Изменить стиль страницы

(104) Ну, что? Ты, честнейший муж, хочешь что-то сказать? Послушайся меня: смотри, как бы ты себе не повредил сам; ведь разбирается дело, очень важное и для тебя. Много совершил ты злодеяний, много наглых, много бесчестных поступков, но одну величайшую глупость, — конечно, самостоятельно, а не по совету Эруция: тебе вовсе не следовало садиться на то место, где сидишь; ведь никому не нужен ни немой обвинитель, ни свидетель, встающий со скамей обвинения. К тому же без этого ваша алчность все же была бы несколько лучше скрыта и затаена. Чего еще теперь от вас ждать, если вы держите себя так, что можно подумать, будто вы действуете в нашу пользу и во вред самим себе? (105) А теперь, судьи, рассмотрим события, происшедшие тотчас же после убийства.

(XXXVII) О смерти Секста Росция Хрисогону сообщили в лагерь Луция Суллы под Волатеррами на четвертый день после убийства. Неужели еще и теперь возникает вопрос, кто послал этого гонца? Неужели не ясно, что это был тот же человек, который отправил гонца в Америю? И вот, Хрисогон велел устроить продажу имущества Секста Росция немедленно, хотя не знал ни убитого, ни обстоятельств дела. Почему же ему пришло на ум пожелать приобрести имения неизвестного ему человека, которого он вообще никогда не видел? Когда вы, судьи, слышите о чем-либо подобном, вы обычно тотчас же говорите: «Конечно, об этом ему сказал кто-нибудь из земляков или соседей; именно они в большинстве случаев оказываются доносчиками; они же многих и предают». (106) В этом случае нет оснований считать это одним лишь подозрением. Ибо я не стану рассуждать так: «Вполне вероятно, что Росции сообщили об этом Хрисогону; ведь они и ранее были в дружеских отношениях с ним; ибо, хотя у Росциев и было много старых патронов[80] и гостеприимцев, связь с которыми к ним перешла от предков, все же они перестали почитать и уважать всех их и отдались под покровительство Хрисогона, признав себя его клиентами».
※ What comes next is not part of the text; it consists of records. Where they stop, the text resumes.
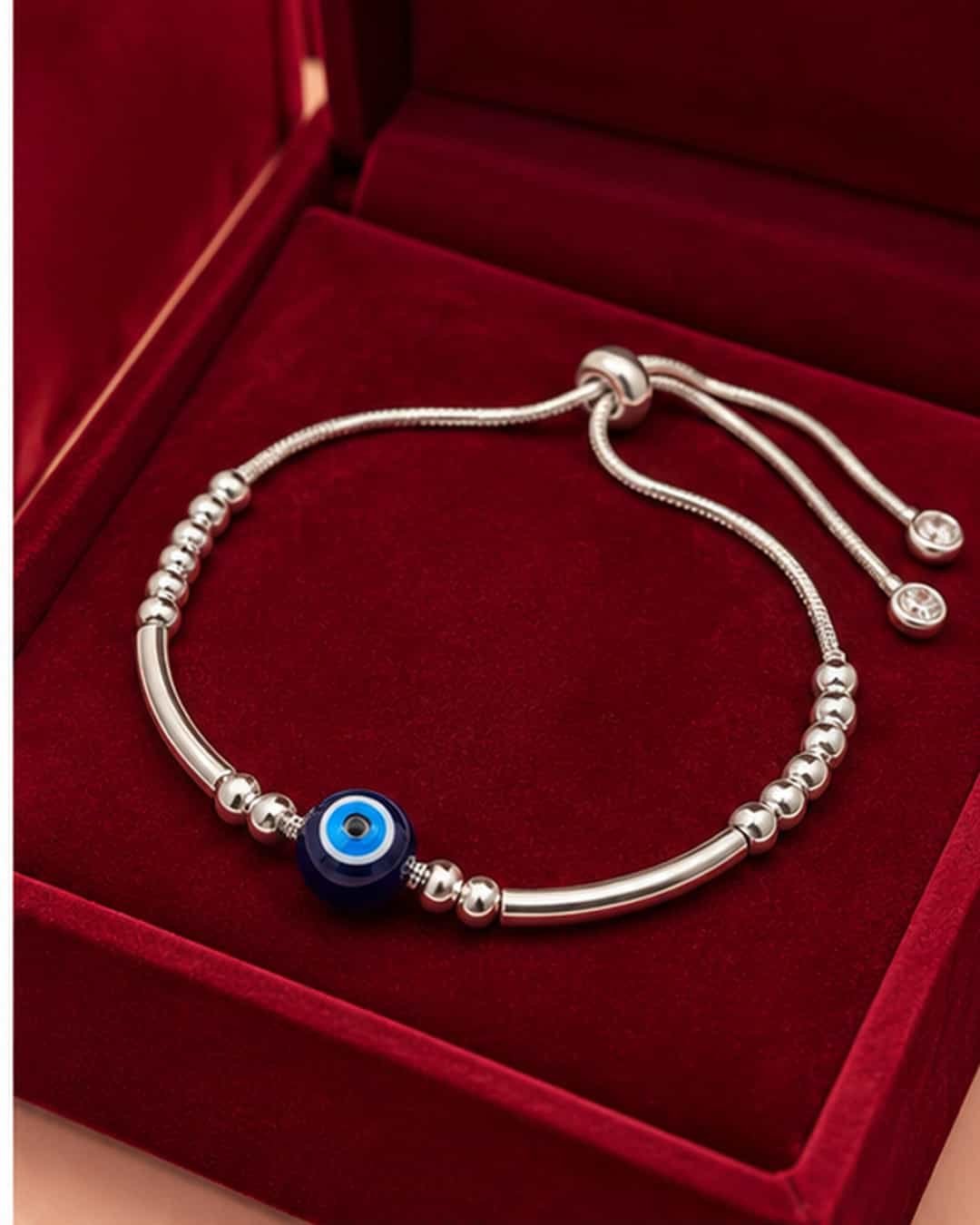 cn jewellers new images 6 CN Jewellers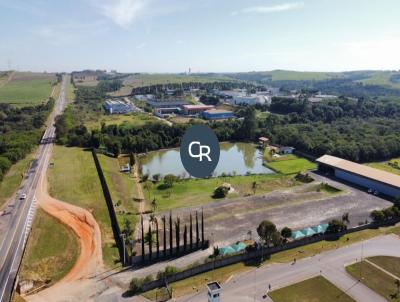 Terreno Comercial para Venda, em Elias Fausto, bairro rea Rural de Elias Fausto
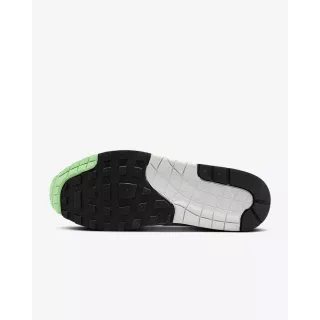 Nike Air Max 1 Summit White Vapor Green Nike Air Max 1 Summit White Vapor Green
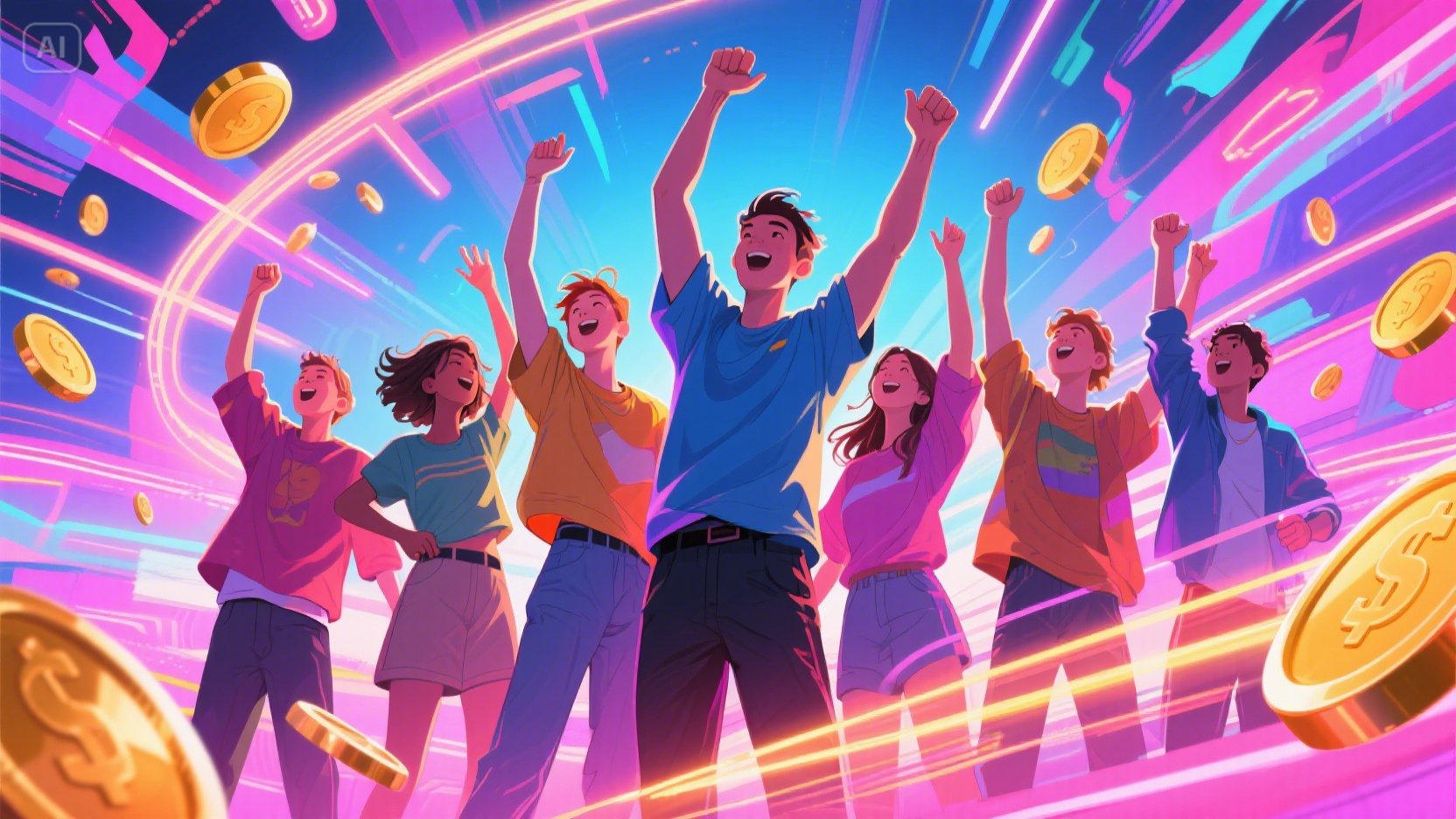 SlotsWin CasinoDeposit now and receive a 200% instant reward! Pakistan’s gamers can play slots, crash, and card games safely.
(107) Я мог бы сказать все это, не уклоняясь от истины, но в этом судебном деле нет никакой надобности прибегать к догадкам; Росции, я уверен, и сами не отрицают, что Хрисогон подобрался к этому имуществу по их наущению. Если того, кто получил часть этого имущества как награду за извещение Хрисогона, вы увидите воочию, то сможете ли вы, судьи, сомневаться в том, кто именно донес? Кто же те люди, которым Хрисогон уделил часть этого имущества? Оба Росция. Может быть, еще кто-нибудь, кроме них? Никого нет, судьи! Так возможны ли сомнения в том, что добычу предложили Хрисогону именно те люди, которые и получили от него часть этой добычи?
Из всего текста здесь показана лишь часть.